Running on device:  cuda:0


# Load models

In [38]:
from facenet_pytorch import MTCNN, InceptionResnetV1
from types import MethodType

In [39]:
resnet = InceptionResnetV1(pretrained='vggface2').eval().to(device)
mtcnn = MTCNN(keep_all=True, device=device)

def detect_box(self, img, save_path=None):
    # Detect faces
    batch_boxes, batch_probs, batch_points = self.detect(img, landmarks=True)
    # Select faces
    if not self.keep_all:
        batch_boxes, batch_probs, batch_points = self.select_boxes(
            batch_boxes, batch_probs, batch_points, img, method=self.selection_method
        )
    # Extract faces
    faces = self.extract(img, batch_boxes, save_path)
    return batch_boxes, faces

mtcnn.detect_box = MethodType(detect_box, mtcnn)

# Get the saved faces

In [40]:
from torch.utils.data import DataLoader
from torchvision import datasets
import os

workers = 0 if os.name == 'nt' else 4

In [41]:
dataset = datasets.ImageFolder("./faces")
idx_to_class = {i:c for c, i in dataset.class_to_idx.items()}
loader = DataLoader(dataset ,collate_fn=lambda x: x[0], num_workers=workers)
idx_to_class.items()

dict_items([(0, 'Mayank'), (1, 'Seema'), (2, 'Vaibhav')])

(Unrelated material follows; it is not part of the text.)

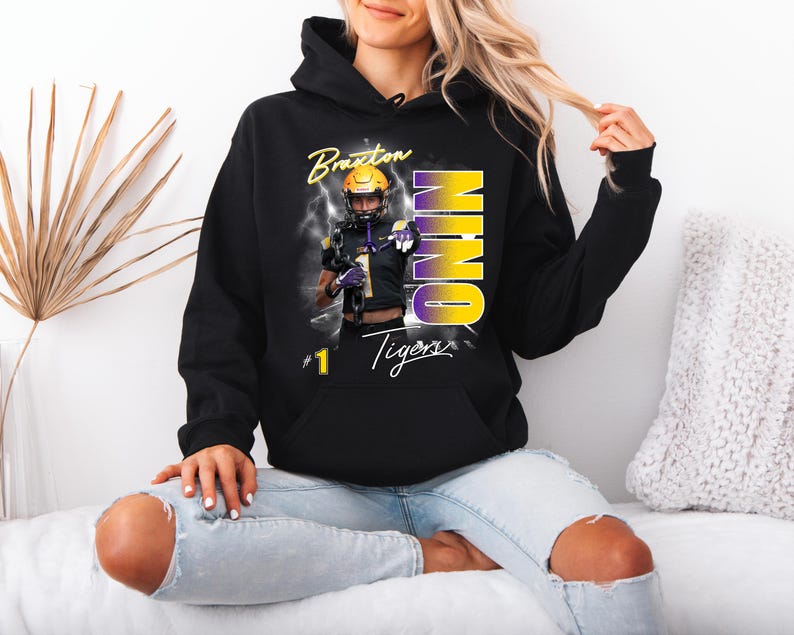 May include: Black hooded sweatshirt featuring a football player graphic with the name "Braxton" and the word "NINO" in yellow and purple. The sweatshirt also has the text "Tigers" and the number "1".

# Get encoded features of all saved images

In [42]:
aligned_faces = []
labels = []

for image, label in loader:
    image_aligned = mtcnn(image)

    if image_aligned is not None:
        aligned_faces.append(image_aligned)
        labels.append(label)

aligned_faces = torch.cat(aligned_faces, dim=0).to(device)
embeddings = resnet(aligned_faces).detach().cpu()

# Classify image

In [43]:
import torch.nn.functional as F

In [44]:
def classify_face(image, threshold=0.7):
    embedding = resnet(image.to(device)).detach().cpu().reshape(1, -1)

    similarity = F.cosine_similarity(x1=embeddings, x2=embedding).reshape(-1)
    max_index = similarity.argmax().item()

    return labels[max_index] if similarity[max_index] > threshold else None

# Live Detection

In [45]:
def detect(cam=0, threshold=0.6):
    vid = cv2.VideoCapture(cam)

    while vid.grab():
        _, img, = vid.retrieve()
        batch_boxes, aligned_images = mtcnn.detect_box(img)

        if aligned_images is not None:
            for box, aligned in zip(batch_boxes, aligned_images):
                aligned = torch.Tensor(aligned.unsqueeze(0))
                x1, y1, x2, y2 = [int(x) for x in box]

                idx = classify_face(image=aligned, threshold=threshold)
                idx = idx_to_class[idx] if idx is not None else "Unknown"

                cv2.rectangle(img, (x1, y1), (x2, y2), (0, 0, 255), 2)
                cv2.putText(img, idx, (x1 + 5, y1 + 10), cv2.FONT_HERSHEY_DUPLEX, 0.5, (255, 255, 255), 1)

        cv2.imshow("Face Recognition", img)
        if cv2.waitKey(1) == ord("q"):
            cv2.destroyAllWindows()
            break

In [46]:
detect(0)